CZŁONKOWIE GWIEZDNI PROWADZILI MALUCZKIE STADKO DO KOŃCA

    (3) Pilni studenci oświeceni Epifanią wiernie śledzący Boskie kierownictwo i metody postępowania uznają, że On za pośrednictwem nauk Posłannika Paruzyjnego wzbudził Posłannika Epifanicznego jako specjalnego pomocnika i że nasz Pan Jezus przeznaczył go na ostatniego członka Kapłaństwa (Mat. 23:35; Łuk. 11:51; Z 5256, kol. 2, par. 3 i 4; TP '51, nr 137, str. 11-16; P '57, 77, 78; '71, 91-94). Tak więc Maluczkie Stadko w swych ostatecznych dniach nie było pozbawione wodza. Jego wodzowie - członkowie gwiezdni - wykonywali dla niego "pełną służbę" aż do opuszczenia świata (P '44, 29, kol. 2, u góry). Żaden z jego członków nie był podporządkowany wodzowi z jakiejkolwiek niższej klasy.

SŁUŻBA ANTYTYPOWEGO HIRAMA RZEMIEŚLNIKA

    (4) Wódz Wielkiej Kompanii jest pokazany jako członek Wielkiej Kompanii, który ostatni opuści ziemię, gdyż między wieloma innymi dowodami Hiram rzemieślnik (wspierany przez pomocników będących pod jego kierownictwem) w typie "dokonał ... pracy wszystkiej roboty, którą uczynił królowi Salomonowi do domu Pańskiego" (1 Król. 7:40; 2 Kron. 4:11). W antytypie pewne zarysy tej pracy dla Świątyni Epifanicznej antytypowy Hiram ukończył po zabraniu br. Johnsona.

    Te zarysy wykonane pod dozorem Pańskim obejmują pewną pracę upiększającą, odnoszącą się do dwóch antytypowych słupów Świątyni (TP '57, str. 14, par. 1, str. 16; par. 2): przedstawienie pewnych dodatkowych doktrynalnych, zbijających, itd. nauk Epifanicznych na czasie (P '55, 84); uzupełnienie Dziedzińca Epifanicznego w jego członkach (nie był kompletnym do 16 września 1954 r.) i znaczną część jego późniejszego rozwoju; dodatkową instrukcję dotyczącą natury działalności antytypowych Lewitów oraz kierowania i nadzorowania nimi pomimo opozycji, szczególnie ze strony przesiewaczy Młodocianych Godnych. Główną działalnością prowadzoną na zewnątrz przez antytypowych Lewitów jest budowanie Obozu Epifanicznego z Żydów i pogan przez nauczanie "Chrystus Zbawca i Król" (TP '69, str. 79, par. 25; TP '28, str. 44, par. 23, druga połowa par.; P '56, 83, 84). Działalność ta jako Służba Poświadczająca Wielkiej Kompanii (E 4, 100, par. 1; P '54, 56, par. 2-59), jako taka, zakończy się z jego śmiercią, chociaż w dalszym ciągu będzie kontynuowana w wysiłkach nauczania przez Młodocianych Godnych, Poświęconych Obozowców Epifanii, niepoświęconych quasi-wybranych i innych o Chrystusie jako Zbawcy i Królu.

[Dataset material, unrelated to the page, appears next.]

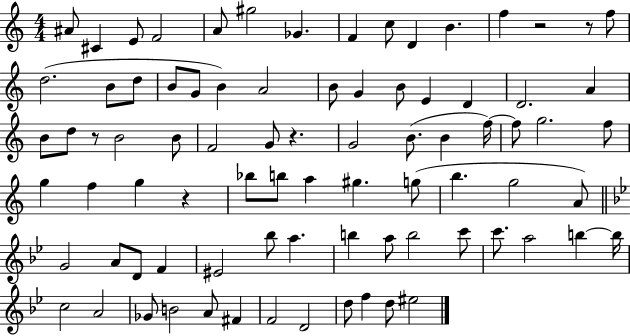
A#4/e C#4/q E4/e F4/h A4/e G#5/h Gb4/q. F4/q C5/e D4/q B4/q. F5/q R/h R/e F5/e D5/h. B4/e D5/e B4/e G4/e B4/q A4/h B4/e G4/q B4/e E4/q D4/q D4/h. A4/q B4/e D5/e R/e B4/h B4/e F4/h G4/e R/q. G4/h B4/e. B4/q F5/s F5/e G5/h. F5/e G5/q F5/q G5/q R/q Bb5/e B5/e A5/q G#5/q. G5/e B5/q. G5/h A4/e G4/h A4/e D4/e F4/q EIS4/h Bb5/e A5/q. B5/q A5/e B5/h C6/e C6/e. A5/h B5/q B5/s C5/h A4/h Gb4/e B4/h A4/e F#4/q F4/h D4/h D5/e F5/q D5/e EIS5/h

    Antytypowy Hiram jest jednostką, a nie klasą. Dlatego jego następcą nie będzie członek Wielkiej Kompanii, ponieważ wódz Wielkiej Kompanii ukończy pracę w zakresie Wewnętrznego Dziedzińca Świątyni Epifanicznej (TP '57, str. 11, par. 2). Stosownie do tego będzie on ostatnim członkiem Wielkiej Kompanii, który ukończy swój bieg na ziemi. Przez swoją śmierć on skompletuje Wewnętrzny Dziedziniec Świątyni Epifanicznej. Jego Młodociani Godni pomocnicy po jego zgonie podejmą pracę ostatecznego skompletowania Zewnętrznego Dziedzińca Świątyni Epifanicznej oraz jego pomocnicy - Młodociani Godni, Poświęceni Obozowcy Epifanii i inni pomocnicy - po jego zgonie będą kontynuować pracę budowy Obozu Epifanicznego zgodnie z jego poinstruowaniem i ukierunkowaniem, aż do ukończenia i przekształcenia go w Obóz Tysiącletni po inauguracji Nowego Przymierza.

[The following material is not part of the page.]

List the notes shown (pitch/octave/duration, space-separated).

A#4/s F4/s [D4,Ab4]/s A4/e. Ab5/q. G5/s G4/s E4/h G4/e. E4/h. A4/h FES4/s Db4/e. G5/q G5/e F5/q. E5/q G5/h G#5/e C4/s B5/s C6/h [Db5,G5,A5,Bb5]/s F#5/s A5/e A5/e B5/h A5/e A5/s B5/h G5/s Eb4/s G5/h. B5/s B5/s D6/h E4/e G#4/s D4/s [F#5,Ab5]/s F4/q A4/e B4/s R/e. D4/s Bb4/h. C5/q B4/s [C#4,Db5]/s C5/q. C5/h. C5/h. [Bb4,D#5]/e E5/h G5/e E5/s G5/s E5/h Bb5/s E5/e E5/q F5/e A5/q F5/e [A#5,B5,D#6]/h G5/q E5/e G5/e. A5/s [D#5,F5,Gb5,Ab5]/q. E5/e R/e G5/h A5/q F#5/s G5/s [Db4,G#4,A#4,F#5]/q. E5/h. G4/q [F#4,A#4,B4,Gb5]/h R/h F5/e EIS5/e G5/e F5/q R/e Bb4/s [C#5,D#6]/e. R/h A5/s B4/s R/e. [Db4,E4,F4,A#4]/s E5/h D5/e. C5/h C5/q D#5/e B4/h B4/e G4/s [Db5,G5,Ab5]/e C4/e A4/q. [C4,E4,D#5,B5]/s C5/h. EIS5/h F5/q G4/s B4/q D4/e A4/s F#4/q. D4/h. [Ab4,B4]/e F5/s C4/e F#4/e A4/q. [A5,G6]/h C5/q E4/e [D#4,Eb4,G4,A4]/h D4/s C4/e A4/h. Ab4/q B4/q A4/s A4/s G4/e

    Ponadto w TP '66, str. 79-87, '67, str. 12- 14, 44, 45, 58-64, 87-89 (dobrze byłoby gdyby je bracia ponownie przestudiowali) podano 70 dowodów, że według Boskiego porządku Wielka Kompania jest klasą wyższą od Młodocianych Godnych i z punktu widzenia tych i innych rozważań Bóg nigdy przez pogwałcenie Swojego własnego zarządzenia i podstawowej zasady z listu do Żydów 7:7 nie postawi wodza Młodocianego Godnego nad Swoim ludem, dopóki pozostaje w ciele jakikolwiek członek Wielkiej Kompanii, tak jak wódz Wielkiej Kompanii nie objął urzędu aż ostatni członek Maluczkiego Stadka opuścił ziemię (TP '50, str. 19, 20).

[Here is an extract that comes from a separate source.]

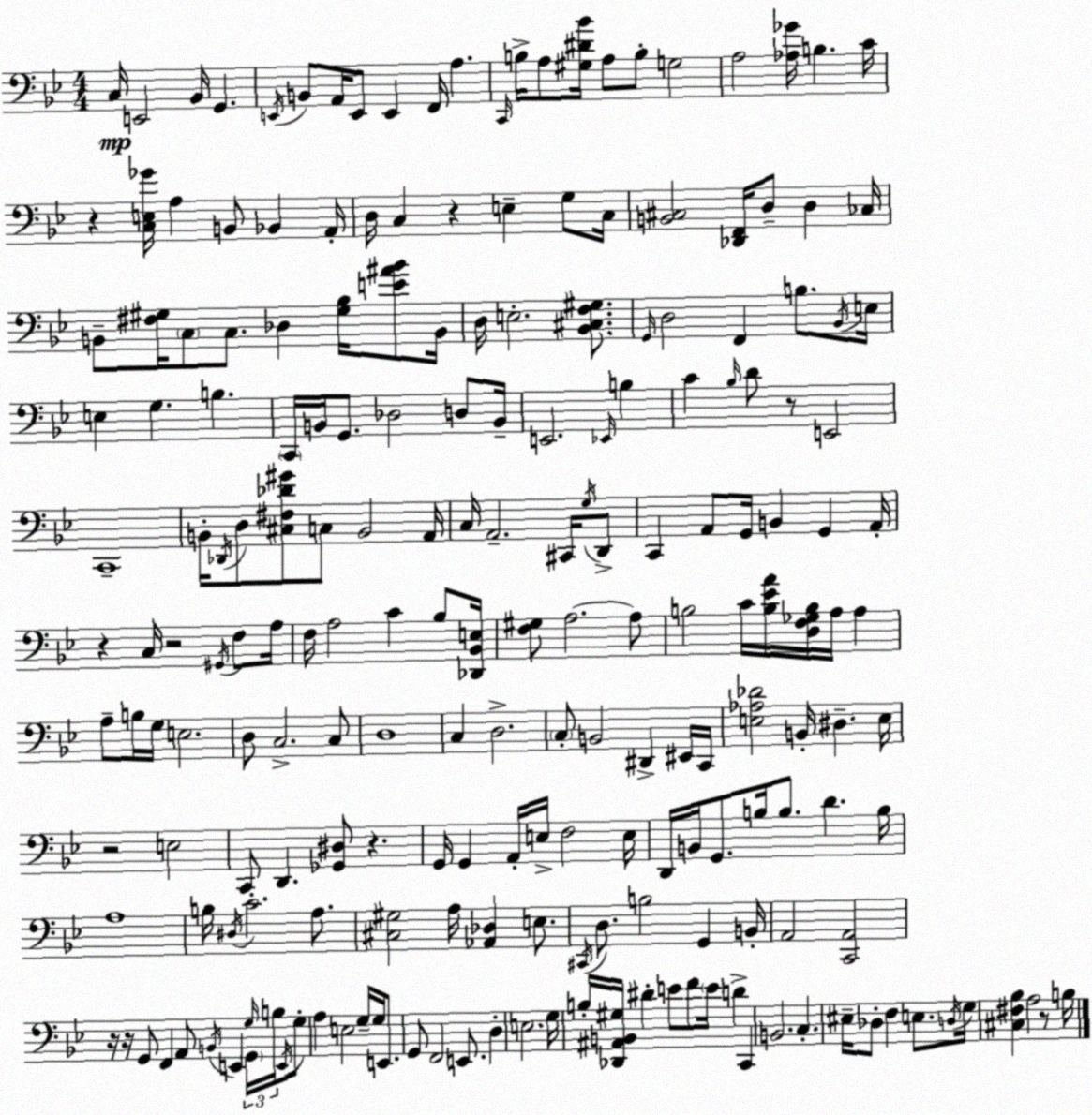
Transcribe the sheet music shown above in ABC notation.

MŁODOCIANY GODNY NASTĘPNYM WODZEM

    (5) W harmonii z powyższą zasadą i ogólnymi Boskimi zarządzeniami będziemy oczekiwali, aż On ze Swej strony postanowi wodza, z następnej najwyższej klasy Jego ludu nazwanej Młodocianymi Godnymi, który by po zakończeniu ziemskiego biegu ostatniego członka Wielkiej Kompanii, podjął obowiązek służby (przed jego zgonem Młodociani Godni "nie mają specjalnego wodza ze swojej klasy" - E 11, 669). Oczywiście ten wódz Młodociany Godny nie będzie powołany spośród nieoświęconych Epifanią Młodocianych Godnych, ponieważ ten co dobrze nie rozumie i z serca nie akceptuje Prawdy Epifanicznej, włączając Prawdę przedstawioną po 1954 r. w TP i BS, nie miałby właściwych kwalifikacji do kierowania tymi, którzy ją posiadają i rozumieją. Ponadto, wódz naznaczony Boskim sposobem "bez wątpienia będzie bratem o głębokiej pokorze, miłującej gorliwości, głębokiej wiedzy Pisma Św. i posiadającym w tych trzech sprawach zaufanie braci" (E 6, 615).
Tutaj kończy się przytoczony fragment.